While they don’t always do so well on the Constitution, I do think that the Supreme Court has an excellent understanding of Varys’ riddle. Certainly, these nine people cast a very large shadow. If they don’t understand his riddle, then how else can we explain Wickard v. Filburn and related cases? In these cases, the Supreme Court has claimed that the power to regulate commerce “among the several states” enables Congress to regulate how much grain a farmer can grow on his own farm and feed to his own animals. Saying,
“even if appellee’s activity be local and though it may not be regarded as commerce, it may still, whatever its nature, be reached by Congress”
If the Supreme Court doesn’t understand Varys’ riddle, how can we explain this summer’s Obamacare decision which claimed that the penalty if someone declines to buy health insurance from a private company is, simultaneously, both a tax and not a tax?
If the Supreme Court doesn’t understand Varys’ riddle, how do we explain the fact that it has, without ratification by the states, adopted an ad hoc Constitutional amendment process known as the “Living Constitution“?
If the American people didn’t believe that power resides in Washington, would we do anything other than laugh at this nonsense? The court gets away with this absurdity only because we believe that the court has the power to do it. The reality, though, is that we have the power to make them stop. The Declaration of Independence tells us so.
“Governments are instituted among Men, deriving their just powers from the consent of the governed”
“Should the general government in any of its departments violate the provisions of the constitution, it rests with the states, and with the people, to apply suitable remedies.”
It is time, now, for Harrisburg and the other state governments to reclaim the numerous and indefinite powers which have been reserved to them. It is time, now, for Harrisburg and the other state governments to apply suitable remedies.

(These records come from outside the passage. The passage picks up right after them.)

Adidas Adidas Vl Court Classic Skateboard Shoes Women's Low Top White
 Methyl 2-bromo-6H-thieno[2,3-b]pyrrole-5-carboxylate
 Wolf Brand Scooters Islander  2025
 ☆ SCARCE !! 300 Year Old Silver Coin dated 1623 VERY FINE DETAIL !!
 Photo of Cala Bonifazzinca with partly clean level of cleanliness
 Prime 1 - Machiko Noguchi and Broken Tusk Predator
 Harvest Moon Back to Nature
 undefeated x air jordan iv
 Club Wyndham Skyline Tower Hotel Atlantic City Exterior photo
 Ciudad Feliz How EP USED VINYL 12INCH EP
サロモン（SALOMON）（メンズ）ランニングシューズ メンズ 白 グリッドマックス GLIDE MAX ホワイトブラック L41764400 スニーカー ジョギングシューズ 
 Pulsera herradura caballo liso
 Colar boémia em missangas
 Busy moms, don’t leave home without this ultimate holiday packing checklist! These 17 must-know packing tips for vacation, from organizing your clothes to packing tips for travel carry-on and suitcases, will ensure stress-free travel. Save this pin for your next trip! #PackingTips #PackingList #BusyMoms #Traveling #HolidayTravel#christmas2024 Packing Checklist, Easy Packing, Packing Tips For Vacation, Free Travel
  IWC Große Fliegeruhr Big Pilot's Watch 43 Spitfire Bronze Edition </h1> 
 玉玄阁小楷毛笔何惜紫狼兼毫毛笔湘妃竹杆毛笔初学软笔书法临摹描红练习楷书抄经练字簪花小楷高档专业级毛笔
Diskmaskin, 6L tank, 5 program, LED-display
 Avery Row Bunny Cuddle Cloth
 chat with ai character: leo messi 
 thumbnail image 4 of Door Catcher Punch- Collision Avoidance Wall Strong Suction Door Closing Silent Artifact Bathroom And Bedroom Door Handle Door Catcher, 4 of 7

It is time, now, for our society to believe that ultimately, all power resides with the people – not with the supposed great men in Washington.
Here is the plain fact. We the people made an agreement, through our state ratifying conventions, that we would follow the Constitution. This Constitution that we agreed to follow doesn’t say a word about who gets the last word in interpreting a law. Is it a state? Is it an individual? Is it the Supreme Court? Is it the Pope in Rome? The Constitution doesn’t say. And the fact that it says nothing specific means that the Tenth Amendment applies. This power was never delegated to the court. Therefore, it is reserved to the states and the people. Under the US Constitution, we can argue over whether the state government or the people get the last word, but the Constitution’s silence on the matter makes it quite clear that the federal government does not get the last word on interpreting a law. We, not Washington, are the ones who are empowered to decide when a law violates the Constitution. Believe it.
In Martin’s novels, the power struggle is waged with swords and bows, daggers and poisons. In America, our contests for power happen in the courts and the legislatures, but Varys’ axiom is no less true. “Power resides where men believe it resides. No more and no less.”
When we believe that all power resides in Washington, nine men and women on the Supreme Court cast a shadow that covers 300 million people and the better part of an entire continent. This is not the system of limited government that was intended by our founders or accepted by our ancestors. It is time for change. Whenever the federal government exceeds its delegated powers, it is our right and our responsibility to recognize that the power being claimed is prohibited from residing in Washington. It is our right and our responsibility to stop believing that anyone has the power to make us consent to nonsense.
Steve Palmer is the State Chapter Coordinator for the Pennsylvania Tenth Amendment Center.